START Exercise data
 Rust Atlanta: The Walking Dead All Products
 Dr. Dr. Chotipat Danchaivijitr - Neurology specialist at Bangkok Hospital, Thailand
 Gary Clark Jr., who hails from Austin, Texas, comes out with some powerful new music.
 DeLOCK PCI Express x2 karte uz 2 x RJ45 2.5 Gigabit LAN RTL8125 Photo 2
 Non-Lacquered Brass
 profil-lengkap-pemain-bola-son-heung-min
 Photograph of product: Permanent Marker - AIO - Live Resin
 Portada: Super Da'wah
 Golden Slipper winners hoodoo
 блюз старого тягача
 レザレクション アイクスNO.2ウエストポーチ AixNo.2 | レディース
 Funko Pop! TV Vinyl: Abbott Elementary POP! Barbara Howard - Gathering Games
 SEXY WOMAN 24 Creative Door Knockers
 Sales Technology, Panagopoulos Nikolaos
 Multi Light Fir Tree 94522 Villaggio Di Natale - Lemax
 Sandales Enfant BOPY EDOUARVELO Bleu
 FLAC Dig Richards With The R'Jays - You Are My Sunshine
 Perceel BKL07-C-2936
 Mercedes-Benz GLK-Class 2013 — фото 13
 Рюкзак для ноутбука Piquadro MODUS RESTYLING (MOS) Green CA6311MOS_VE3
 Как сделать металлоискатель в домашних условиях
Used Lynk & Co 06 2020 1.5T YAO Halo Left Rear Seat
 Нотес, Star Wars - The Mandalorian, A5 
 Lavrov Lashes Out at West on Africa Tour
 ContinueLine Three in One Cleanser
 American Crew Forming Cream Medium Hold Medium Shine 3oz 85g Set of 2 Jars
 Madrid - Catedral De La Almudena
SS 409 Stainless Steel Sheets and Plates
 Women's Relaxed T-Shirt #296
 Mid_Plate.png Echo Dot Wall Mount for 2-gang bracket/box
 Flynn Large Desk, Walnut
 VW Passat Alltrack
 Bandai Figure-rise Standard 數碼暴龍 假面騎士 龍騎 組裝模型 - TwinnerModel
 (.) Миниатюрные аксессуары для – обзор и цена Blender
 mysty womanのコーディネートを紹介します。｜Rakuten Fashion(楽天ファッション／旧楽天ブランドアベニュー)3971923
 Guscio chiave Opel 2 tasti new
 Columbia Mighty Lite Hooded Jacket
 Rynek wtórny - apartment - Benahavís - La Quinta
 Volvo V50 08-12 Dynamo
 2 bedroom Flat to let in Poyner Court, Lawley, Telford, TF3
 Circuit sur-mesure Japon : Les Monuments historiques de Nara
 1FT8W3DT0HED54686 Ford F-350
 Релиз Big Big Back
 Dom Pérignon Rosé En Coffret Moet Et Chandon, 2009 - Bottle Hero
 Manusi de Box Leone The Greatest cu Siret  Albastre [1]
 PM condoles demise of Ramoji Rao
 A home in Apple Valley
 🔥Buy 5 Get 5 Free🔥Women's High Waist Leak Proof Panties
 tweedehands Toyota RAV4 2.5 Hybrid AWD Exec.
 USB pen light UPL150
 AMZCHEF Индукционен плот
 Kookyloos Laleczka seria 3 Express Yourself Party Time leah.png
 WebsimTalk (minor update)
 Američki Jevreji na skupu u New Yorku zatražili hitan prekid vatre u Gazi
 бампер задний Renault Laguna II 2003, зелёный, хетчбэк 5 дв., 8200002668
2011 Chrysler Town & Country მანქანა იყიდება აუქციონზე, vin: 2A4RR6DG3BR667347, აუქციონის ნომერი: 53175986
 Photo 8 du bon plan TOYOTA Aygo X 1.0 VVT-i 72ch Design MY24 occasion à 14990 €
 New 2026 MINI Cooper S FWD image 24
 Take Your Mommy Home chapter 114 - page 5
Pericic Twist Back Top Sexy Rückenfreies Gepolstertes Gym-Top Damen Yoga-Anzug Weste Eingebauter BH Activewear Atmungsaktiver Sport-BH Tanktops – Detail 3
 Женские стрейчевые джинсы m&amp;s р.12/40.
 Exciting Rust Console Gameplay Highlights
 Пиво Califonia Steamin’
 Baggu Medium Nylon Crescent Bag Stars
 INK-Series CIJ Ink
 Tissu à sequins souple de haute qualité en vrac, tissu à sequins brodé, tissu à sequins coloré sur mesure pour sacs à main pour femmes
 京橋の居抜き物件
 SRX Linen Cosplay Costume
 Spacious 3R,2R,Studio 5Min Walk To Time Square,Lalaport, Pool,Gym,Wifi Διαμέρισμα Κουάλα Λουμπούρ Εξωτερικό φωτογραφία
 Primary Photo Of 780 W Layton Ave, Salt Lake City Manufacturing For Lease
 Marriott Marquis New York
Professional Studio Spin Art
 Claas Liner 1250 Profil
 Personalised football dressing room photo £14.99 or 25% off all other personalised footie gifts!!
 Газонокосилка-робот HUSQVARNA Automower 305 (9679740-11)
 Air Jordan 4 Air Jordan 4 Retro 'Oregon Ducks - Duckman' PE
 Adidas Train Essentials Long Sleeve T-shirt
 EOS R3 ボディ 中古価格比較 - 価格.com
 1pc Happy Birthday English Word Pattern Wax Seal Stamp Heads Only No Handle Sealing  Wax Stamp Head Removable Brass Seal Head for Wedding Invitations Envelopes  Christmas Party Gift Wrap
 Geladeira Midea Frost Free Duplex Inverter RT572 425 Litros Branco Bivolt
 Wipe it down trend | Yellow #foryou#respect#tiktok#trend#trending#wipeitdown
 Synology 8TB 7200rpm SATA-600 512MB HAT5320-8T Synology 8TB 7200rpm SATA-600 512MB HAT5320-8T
END Exercise data
### About this exercise:
Write each line of the data above out again without altering a word.

### Task answer:
 Rust Atlanta: The Walking Dead All Products
 Dr. Dr. Chotipat Danchaivijitr - Neurology specialist at Bangkok Hospital, Thailand
 Gary Clark Jr., who hails from Austin, Texas, comes out with some powerful new music.
 DeLOCK PCI Express x2 karte uz 2 x RJ45 2.5 Gigabit LAN RTL8125 Photo 2
 Non-Lacquered Brass
 profil-lengkap-pemain-bola-son-heung-min
 Photograph of product: Permanent Marker - AIO - Live Resin
 Portada: Super Da'wah
 Golden Slipper winners hoodoo
 блюз старого тягача
 レザレクション アイクスNO.2ウエストポーチ AixNo.2 | レディース
 Funko Pop! TV Vinyl: Abbott Elementary POP! Barbara Howard - Gathering Games
 SEXY WOMAN 24 Creative Door Knockers
 Sales Technology, Panagopoulos Nikolaos
 Multi Light Fir Tree 94522 Villaggio Di Natale - Lemax
 Sandales Enfant BOPY EDOUARVELO Bleu
 FLAC Dig Richards With The R'Jays - You Are My Sunshine
 Perceel BKL07-C-2936
 Mercedes-Benz GLK-Class 2013 — фото 13
 Рюкзак для ноутбука Piquadro MODUS RESTYLING (MOS) Green CA6311MOS_VE3
 Как сделать металлоискатель в домашних условиях
Used Lynk & Co 06 2020 1.5T YAO Halo Left Rear Seat
 Нотес, Star Wars - The Mandalorian, A5 
 Lavrov Lashes Out at West on Africa Tour
 ContinueLine Three in One Cleanser
 American Crew Forming Cream Medium Hold Medium Shine 3oz 85g Set of 2 Jars
 Madrid - Catedral De La Almudena
SS 409 Stainless Steel Sheets and Plates
 Women's Relaxed T-Shirt #296
 Mid_Plate.png Echo Dot Wall Mount for 2-gang bracket/box
 Flynn Large Desk, Walnut
 VW Passat Alltrack
 Bandai Figure-rise Standard 數碼暴龍 假面騎士 龍騎 組裝模型 - TwinnerModel
 (.) Миниатюрные аксессуары для – обзор и цена Blender
 mysty womanのコーディネートを紹介します。｜Rakuten Fashion(楽天ファッション／旧楽天ブランドアベニュー)3971923
 Guscio chiave Opel 2 tasti new
 Columbia Mighty Lite Hooded Jacket
 Rynek wtórny - apartment - Benahavís - La Quinta
 Volvo V50 08-12 Dynamo
 2 bedroom Flat to let in Poyner Court, Lawley, Telford, TF3
 Circuit sur-mesure Japon : Les Monuments historiques de Nara
 1FT8W3DT0HED54686 Ford F-350
 Релиз Big Big Back
 Dom Pérignon Rosé En Coffret Moet Et Chandon, 2009 - Bottle Hero
 Manusi de Box Leone The Greatest cu Siret  Albastre [1]
 PM condoles demise of Ramoji Rao
 A home in Apple Valley
 🔥Buy 5 Get 5 Free🔥Women's High Waist Leak Proof Panties
 tweedehands Toyota RAV4 2.5 Hybrid AWD Exec.
 USB pen light UPL150
 AMZCHEF Индукционен плот
 Kookyloos Laleczka seria 3 Express Yourself Party Time leah.png
 WebsimTalk (minor update)
 Američki Jevreji na skupu u New Yorku zatražili hitan prekid vatre u Gazi
 бампер задний Renault Laguna II 2003, зелёный, хетчбэк 5 дв., 8200002668
2011 Chrysler Town & Country მანქანა იყიდება აუქციონზე, vin: 2A4RR6DG3BR667347, აუქციონის ნომერი: 53175986
 Photo 8 du bon plan TOYOTA Aygo X 1.0 VVT-i 72ch Design MY24 occasion à 14990 €
 New 2026 MINI Cooper S FWD image 24
 Take Your Mommy Home chapter 114 - page 5
Pericic Twist Back Top Sexy Rückenfreies Gepolstertes Gym-Top Damen Yoga-Anzug Weste Eingebauter BH Activewear Atmungsaktiver Sport-BH Tanktops – Detail 3
 Женские стрейчевые джинсы m&amp;s р.12/40.
 Exciting Rust Console Gameplay Highlights
 Пиво Califonia Steamin’
 Baggu Medium Nylon Crescent Bag Stars
 INK-Series CIJ Ink
 Tissu à sequins souple de haute qualité en vrac, tissu à sequins brodé, tissu à sequins coloré sur mesure pour sacs à main pour femmes
 京橋の居抜き物件
 SRX Linen Cosplay Costume
 Spacious 3R,2R,Studio 5Min Walk To Time Square,Lalaport, Pool,Gym,Wifi Διαμέρισμα Κουάλα Λουμπούρ Εξωτερικό φωτογραφία
 Primary Photo Of 780 W Layton Ave, Salt Lake City Manufacturing For Lease
 Marriott Marquis New York
Professional Studio Spin Art
 Claas Liner 1250 Profil
 Personalised football dressing room photo £14.99 or 25% off all other personalised footie gifts!!
 Газонокосилка-робот HUSQVARNA Automower 305 (9679740-11)
 Air Jordan 4 Air Jordan 4 Retro 'Oregon Ducks - Duckman' PE
 Adidas Train Essentials Long Sleeve T-shirt
 EOS R3 ボディ 中古価格比較 - 価格.com
 1pc Happy Birthday English Word Pattern Wax Seal Stamp Heads Only No Handle Sealing  Wax Stamp Head Removable Brass Seal Head for Wedding Invitations Envelopes  Christmas Party Gift Wrap
 Geladeira Midea Frost Free Duplex Inverter RT572 425 Litros Branco Bivolt
 Wipe it down trend | Yellow #foryou#respect#tiktok#trend#trending#wipeitdown
 Synology 8TB 7200rpm SATA-600 512MB HAT5320-8T Synology 8TB 7200rpm SATA-600 512MB HAT5320-8T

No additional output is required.